1. Virtual Machines are Isolated

Although residing on a single computer, virtual machines are isolated and independent. If you have five virtual machines on the same physical host, one machine crashing will not result in a "domino" effect causing all five to crash. The others will function as if nothing happened. For this reason alone, a virtual environment can be much more stable and provide security and continuity advantages over a traditional environment.




2. Virtual Machines Are Software Based

Virtual machines run an operating system and all applications from within their own software package. Because of this fact, it is essentially a software container with a complete set of resources from the hardware. This makes a virtual machine easy to manage. The encapsulation makes migration of the machine as easy as moving any data file. Virtualization allows the machine to move back and forth between physical computers without the pain and stress of installing new device drivers, operating systems, or applications. Desktops can be migrated faster, and with much more ease than before.

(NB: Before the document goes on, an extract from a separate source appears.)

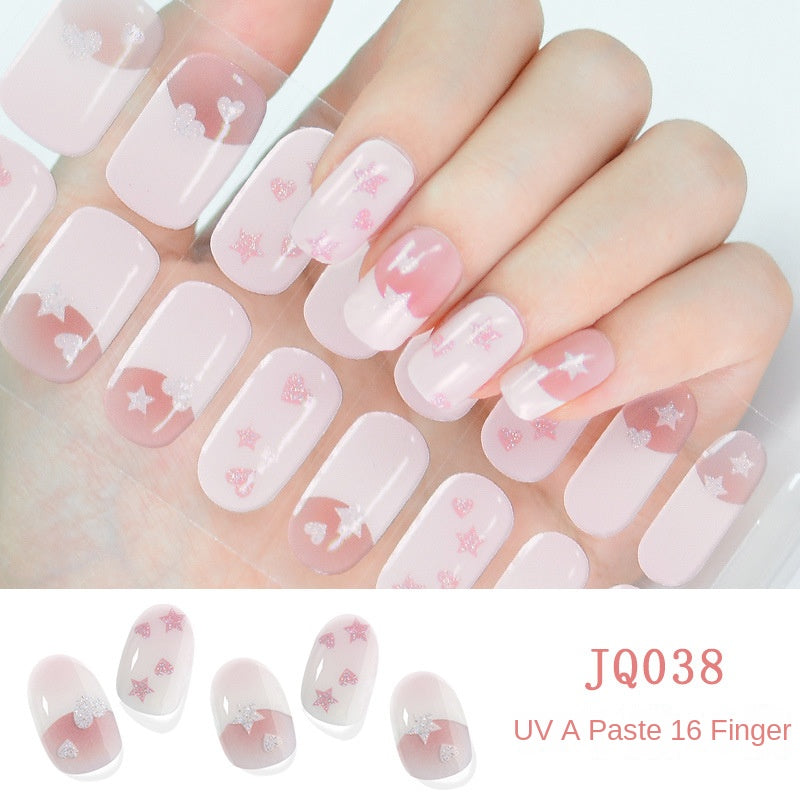 Gel Nail Art Patches Semi-Cured UV Light Nail Stickers Waterproof 16 Patch Sets with Many Designs Halloween Christmas Nail Art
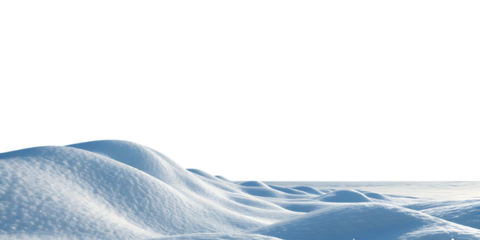 Snow-covered hills mirror previous landscape with gentle undulating forms stretching into pale distance, isolated on a transparent background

3. Virtual Machines Operate Independent of Conflicts

A virtual computer can function without limitations that a physical computer would normally need. Virtual computers can run previously conflicting operating systems on a physical server and can make use of entirely different CPU resources. In fact, a single physical machine can house conflicting operating systems and other applications in separate virtual machines.

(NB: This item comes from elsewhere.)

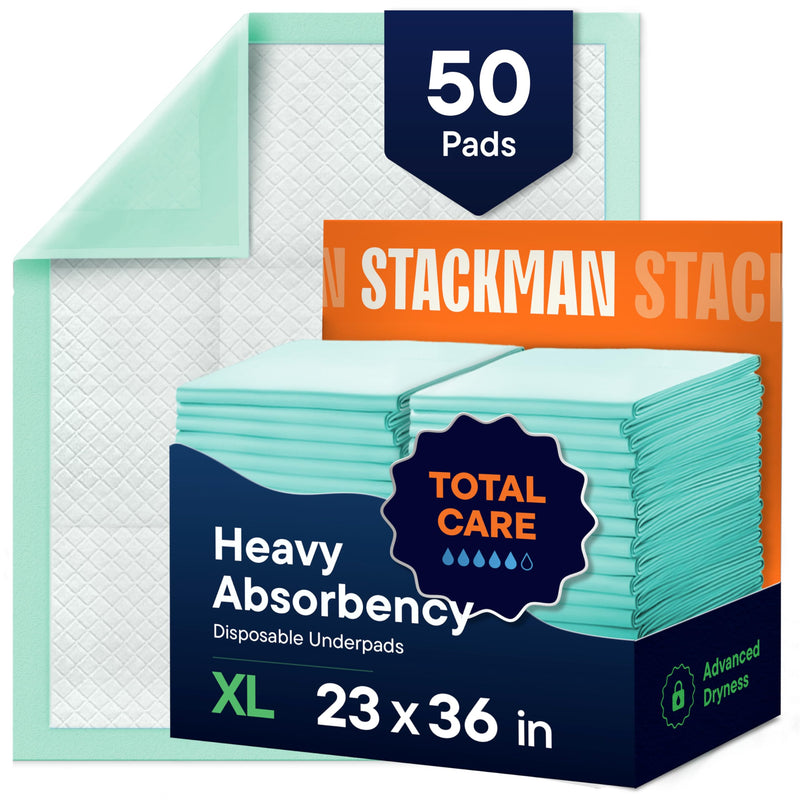 Chucks Pads Disposable [50-Pack] Underpads 23x36 Incontinence Chux Pads Absorbent Fluff Protective Bed Pads, Pee Pads for Babies, Kids, Adults &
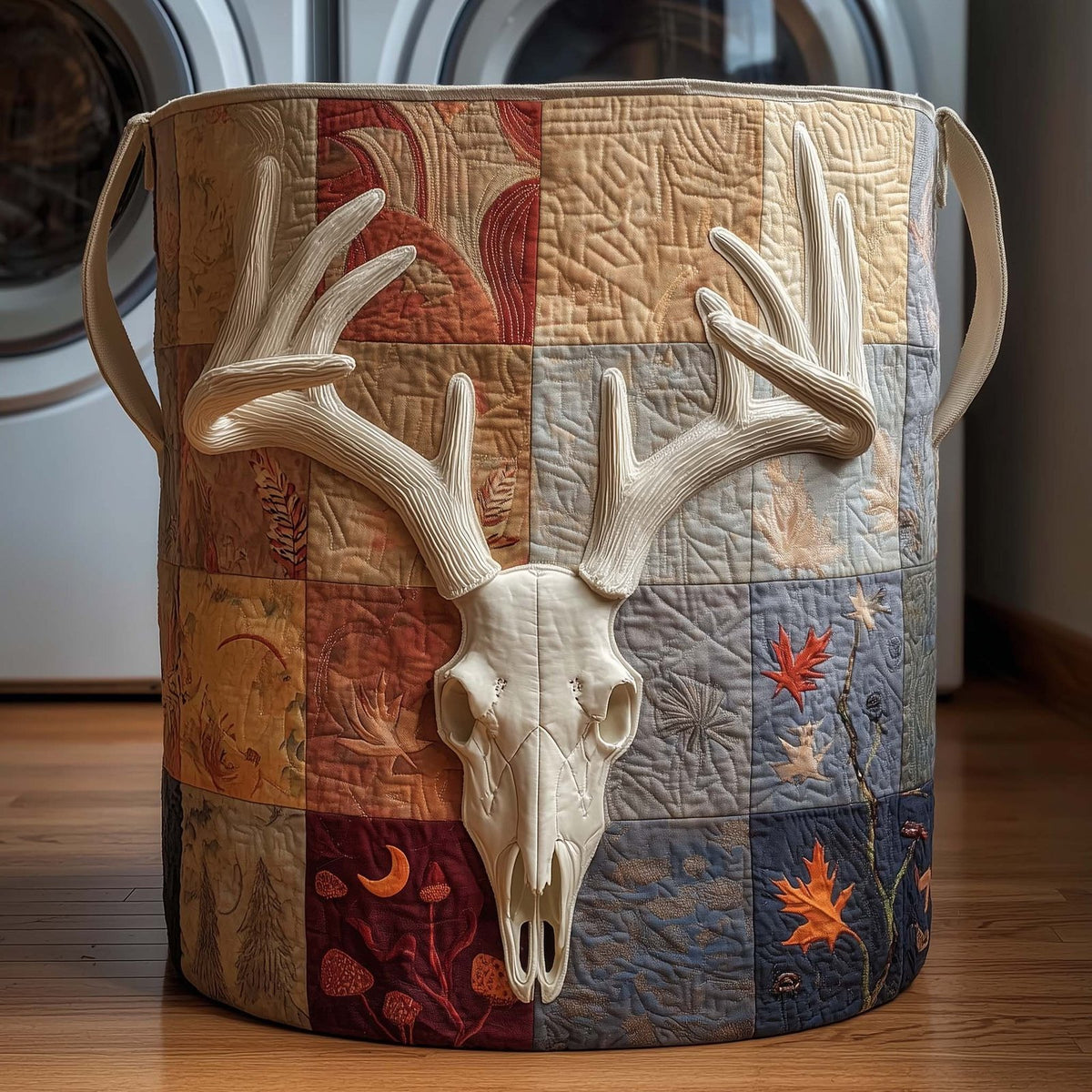 Patchwork Deer Quilted Laundry Hamper printed laundry hamper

Virtualization can encompass just a few machines on physical systems. Complete virtualization can offer all of the resources of an entire IT infrastructure. Virtualization can dramatically reduce actual costs, opportunity costs, and IT management resource commitment. The advantages of increased data security, disaster recovery, and ease of migration of a virtual machine make it a business decision each company should consider. If you are looking to focus on solutions rather than maintenance while keeping costs low, you should investigate the transition today.